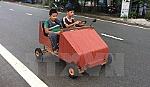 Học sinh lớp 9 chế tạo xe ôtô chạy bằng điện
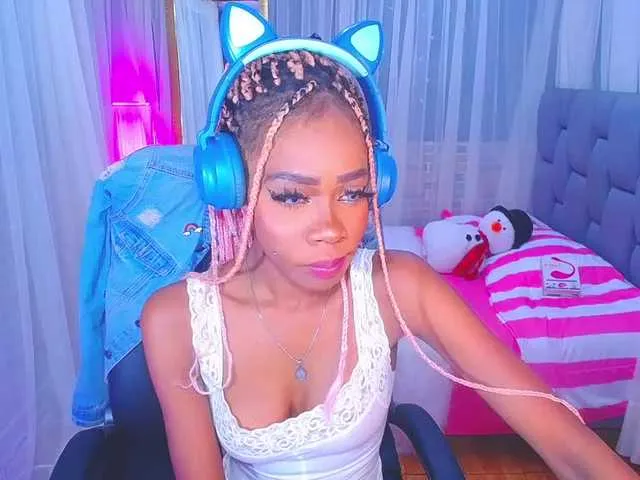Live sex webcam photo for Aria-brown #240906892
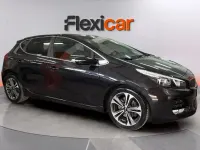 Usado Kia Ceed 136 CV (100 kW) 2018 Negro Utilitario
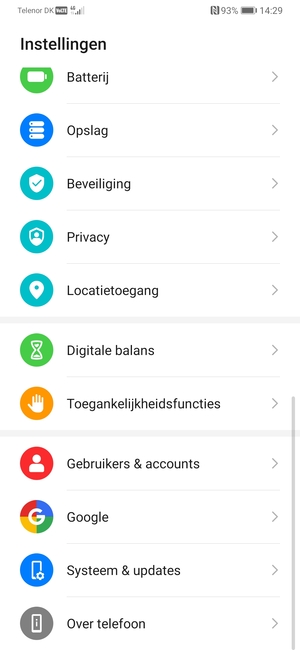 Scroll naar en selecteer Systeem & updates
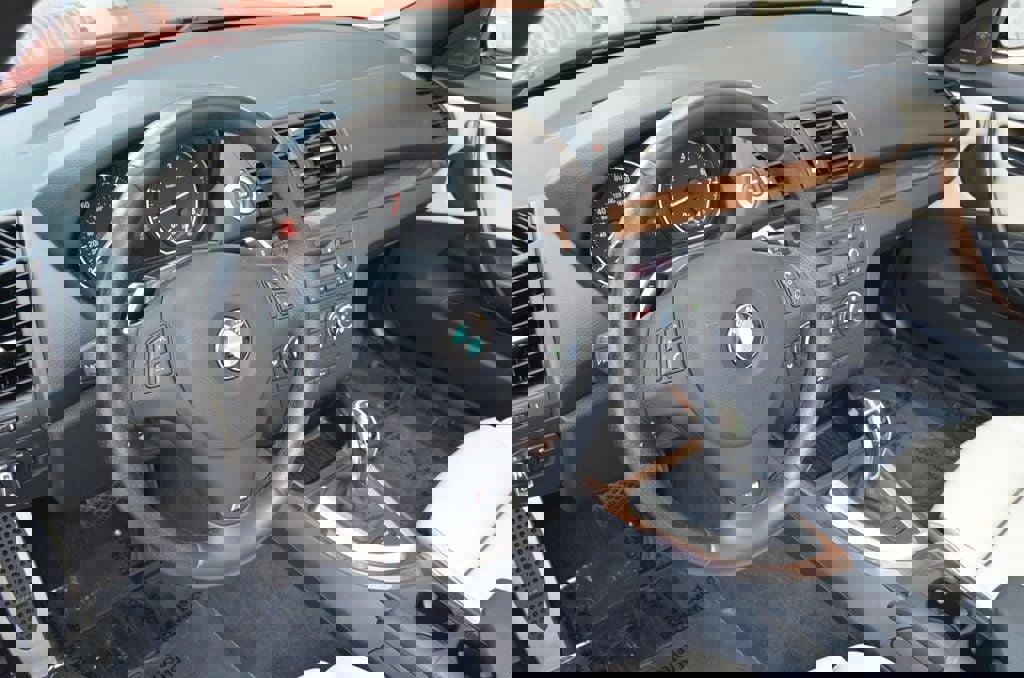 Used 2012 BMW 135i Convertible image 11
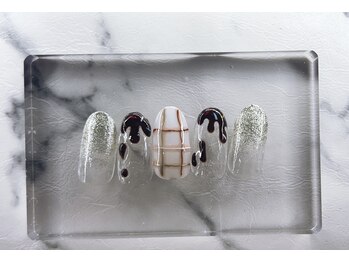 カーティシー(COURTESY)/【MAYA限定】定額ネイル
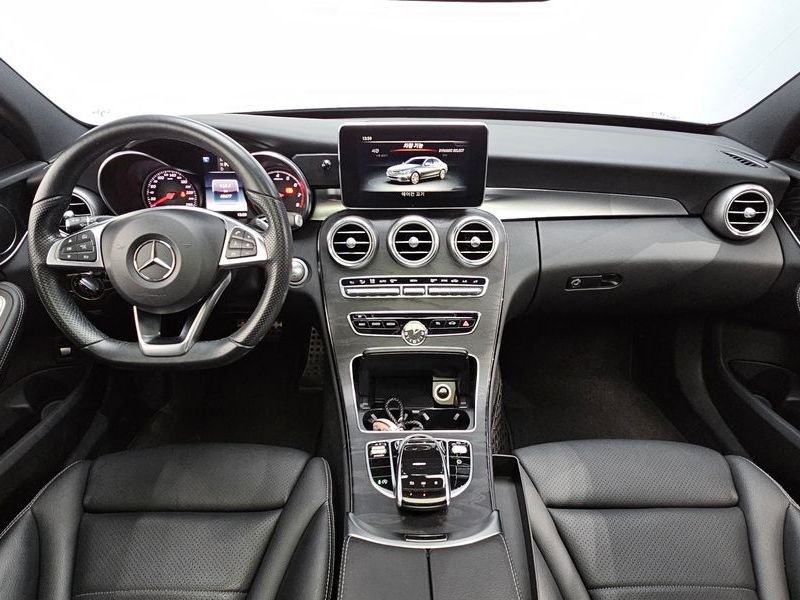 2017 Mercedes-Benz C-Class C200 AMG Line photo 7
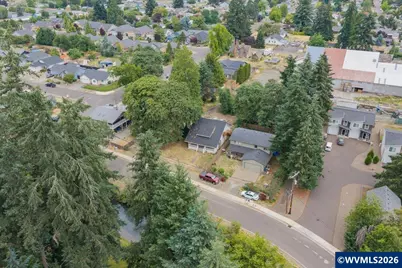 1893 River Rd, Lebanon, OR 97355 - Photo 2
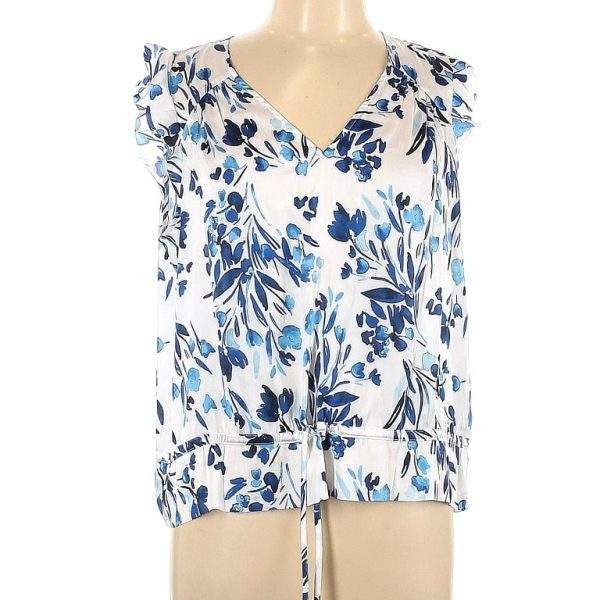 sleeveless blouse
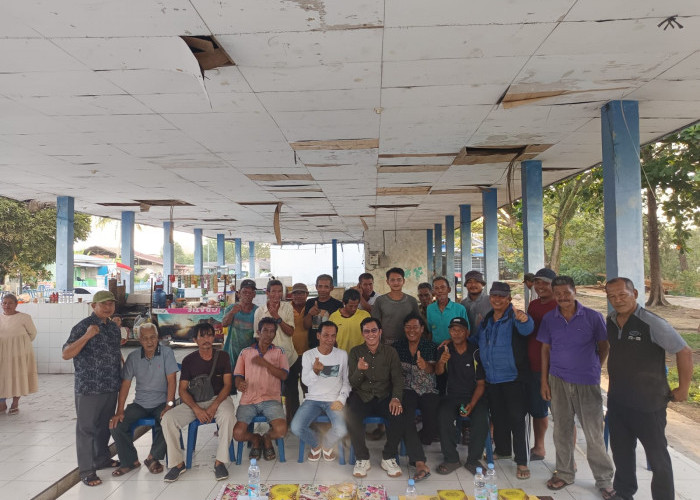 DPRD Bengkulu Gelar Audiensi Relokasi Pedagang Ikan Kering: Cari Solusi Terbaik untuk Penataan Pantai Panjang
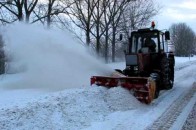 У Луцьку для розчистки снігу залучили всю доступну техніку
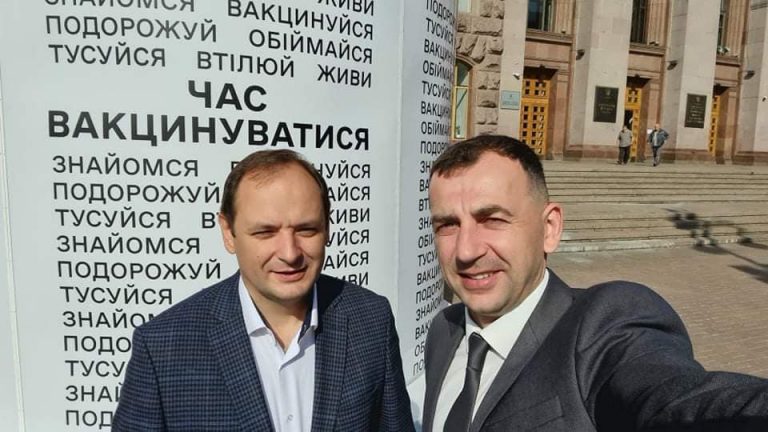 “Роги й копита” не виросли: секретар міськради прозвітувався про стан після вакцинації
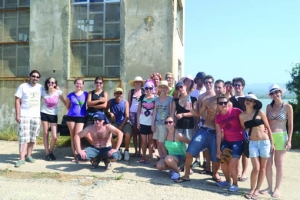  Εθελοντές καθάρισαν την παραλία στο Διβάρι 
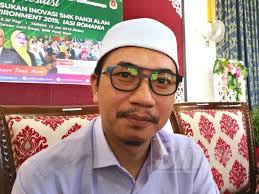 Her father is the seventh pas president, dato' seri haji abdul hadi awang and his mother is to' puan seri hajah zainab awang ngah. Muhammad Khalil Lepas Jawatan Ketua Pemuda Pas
★ ★ ★ ★ ★
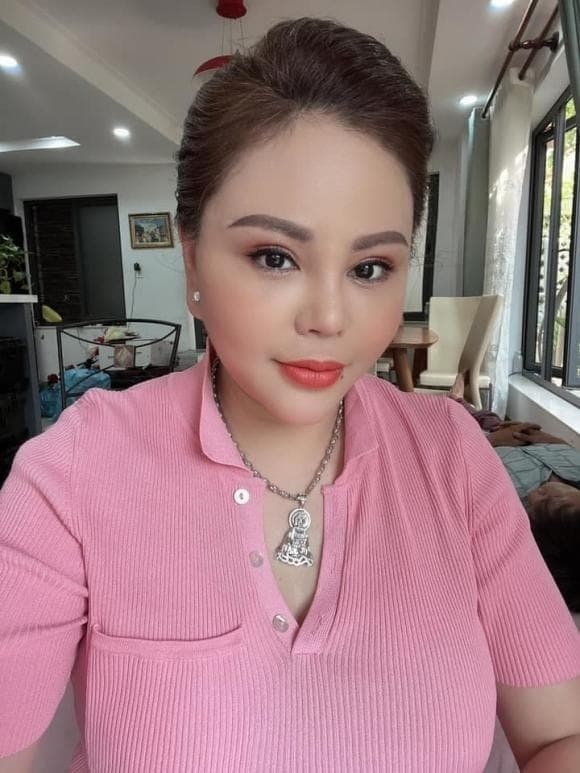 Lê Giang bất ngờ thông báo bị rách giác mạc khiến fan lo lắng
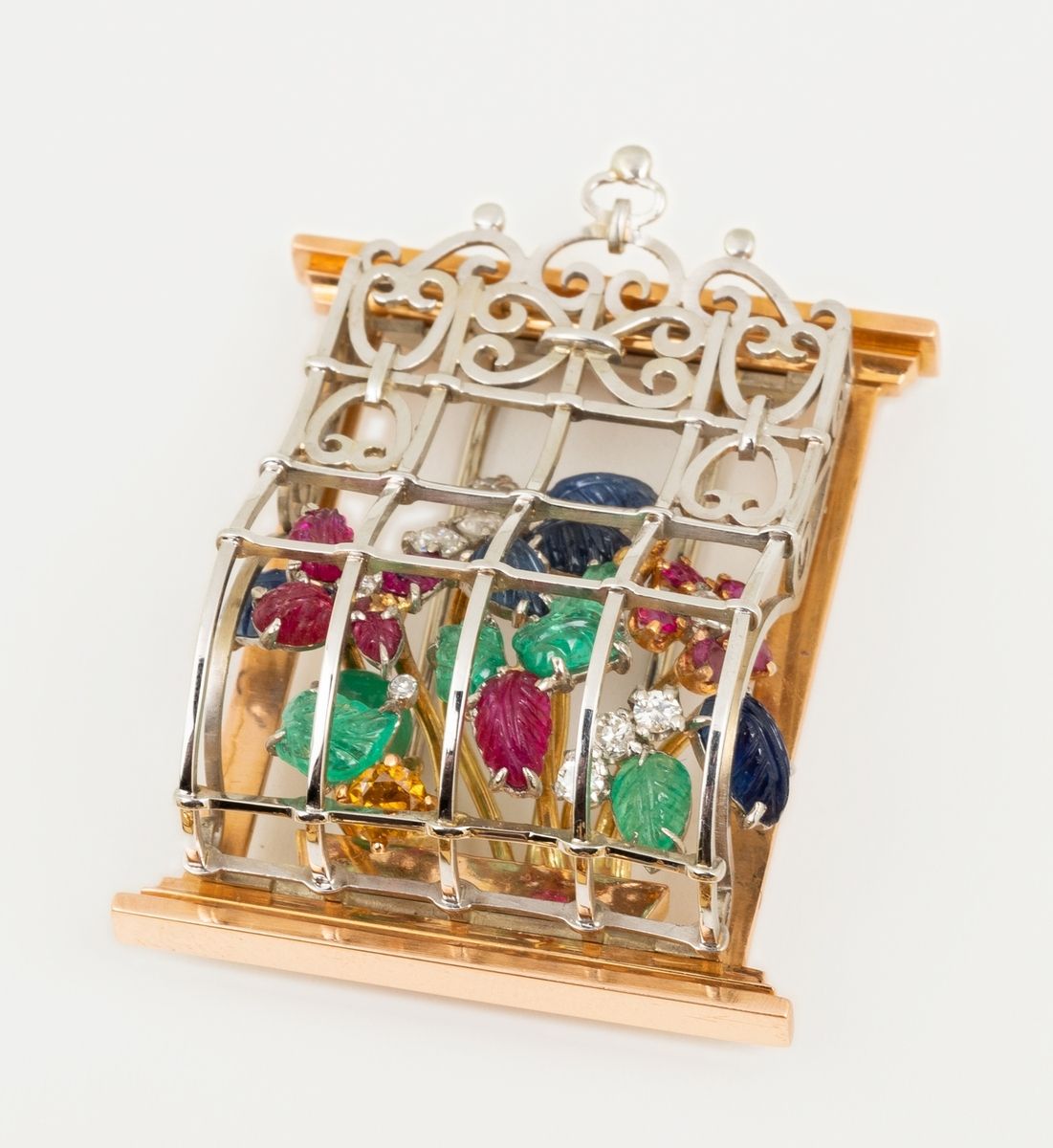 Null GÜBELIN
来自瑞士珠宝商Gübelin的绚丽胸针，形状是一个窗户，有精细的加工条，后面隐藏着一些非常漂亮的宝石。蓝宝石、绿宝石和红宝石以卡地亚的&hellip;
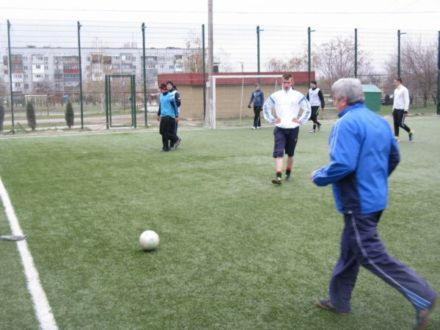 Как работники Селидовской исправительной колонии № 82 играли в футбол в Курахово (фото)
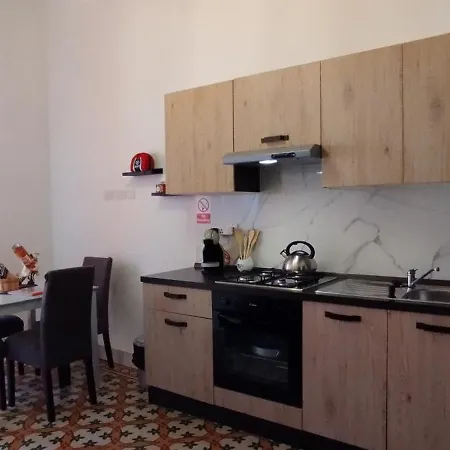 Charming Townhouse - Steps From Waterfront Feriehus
★ ★ ★ ★ ★
YOUR TASK: A verbatim reproduction is expected: starting at the line above that has "Εθελοντές καθάρισαν την παραλία στο Διβάρι", ending at the line that has "Her father is", both included, and with no pictures and no other lines.

COMPLETED TASK:
  Εθελοντές καθάρισαν την παραλία στο Διβάρι 
 Her father is the seventh pas president, dato' seri haji abdul hadi awang and his mother is to' puan seri hajah zainab awang ngah. Muhammad Khalil Lepas Jawatan Ketua Pemuda Pas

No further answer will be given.